Adv- if you pay the full amount of all your expenses you will pay no interest
ISA- Allows you to save without paying tax on the interests or profit you earn. There is a limit on the amount you can put.
Adv- helpful for low-income citizens and a useful first point of call
Dis- advisors are volunteers, not able to deal with complex situations.
IFAs- Profession providers who offer advice on financial matters to clients. Independent advice.
Adv- do not receive commission from any of the financial products they recommend.
Dis- charge for their services
Price comparison websites- websites that compare features and prices of different types of financial products provided by a range of suppliers.

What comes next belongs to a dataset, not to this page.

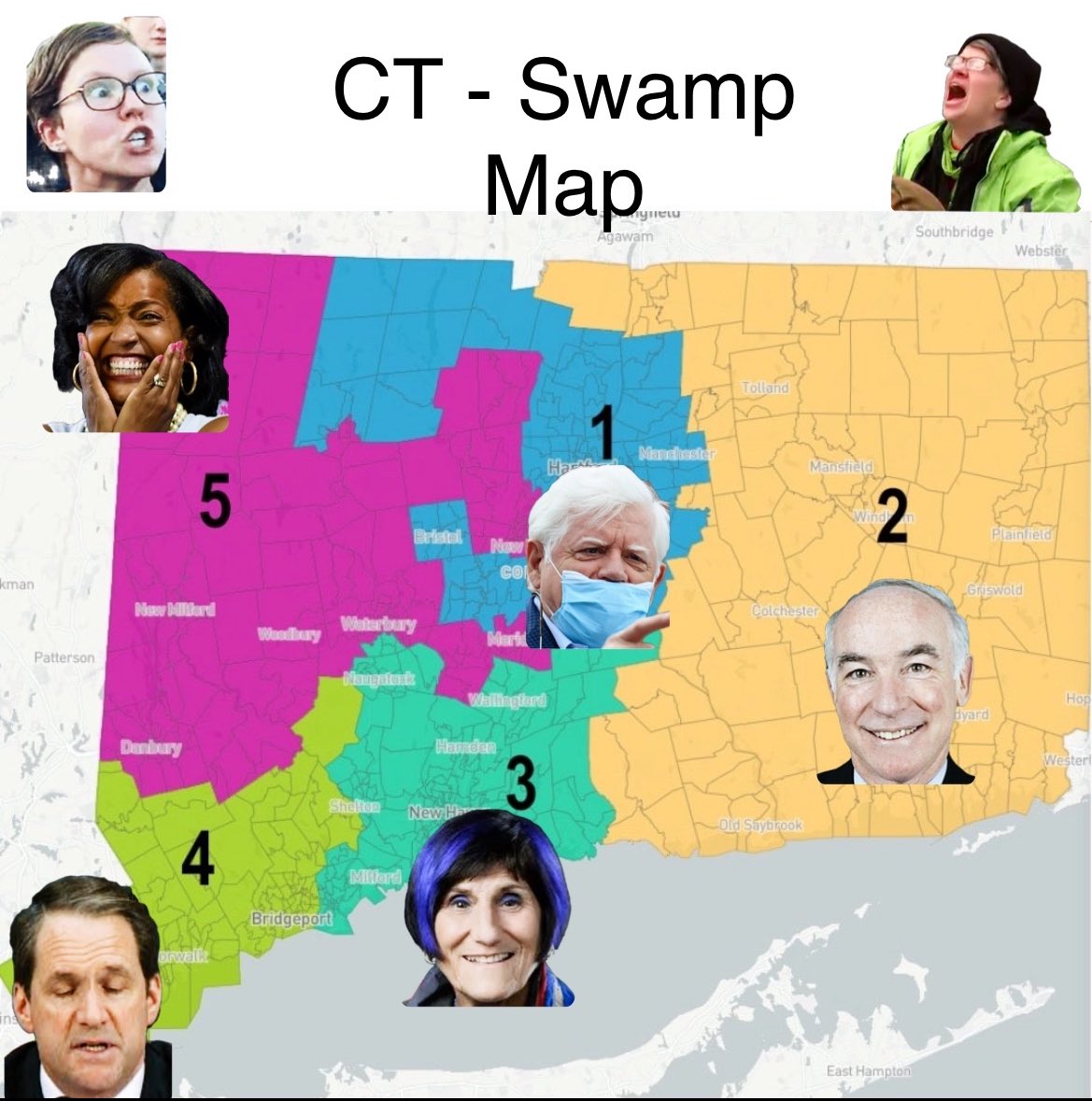 Just a reminder…drain the CT swamp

Adv- free to access and personalised to the needs of the consumer.
Dis- requires a computer with online access.
Debt counsellors- specialist agencies or individuals. Provide information for individuals struggling with debt.
Adv- personalised advice on budgeting. Authorised by the FCA.
Dis- charge a fee for their service
Money advice service- government agency. Free and impartial money advice to help improve finances.
Adv- online tools
Dis- required a computer with online access to use the budgeting tools.
IVA- Individual Voluntary Arrangement. A formal agreement between an individual and their creditors to pay less than the full amount owed. A person who is declared bankrupt will have to use some of their assets to pay off their debts.
Purposes of accounting:
Recording transactions
record cash flow
enables them to keep track of payments
Management of business
planning, monitoring and controlling
Compliance
help to combat fraud
Measuring performance
measure financial performance through: gross and net profit, sales revenue, efficiency in collecting money, expenditure and costs.
Control
trade receivables- debts generated by the sale of products. (money owedto the business)
trade payables- debts created as a result of purchasing products (money owedby the business)
Capital income- money used to set up a business.
Loan
Mortgage
Shares
Debentures
a type of bond issued by large companies.
Owner's capital
the owner invests their personal savings in the business.
Revenue income
cash sales
credit sales
rent received
commission received
interest received
discount received
Capital expenditure- investment in new assets, machinery, equipment, buildings.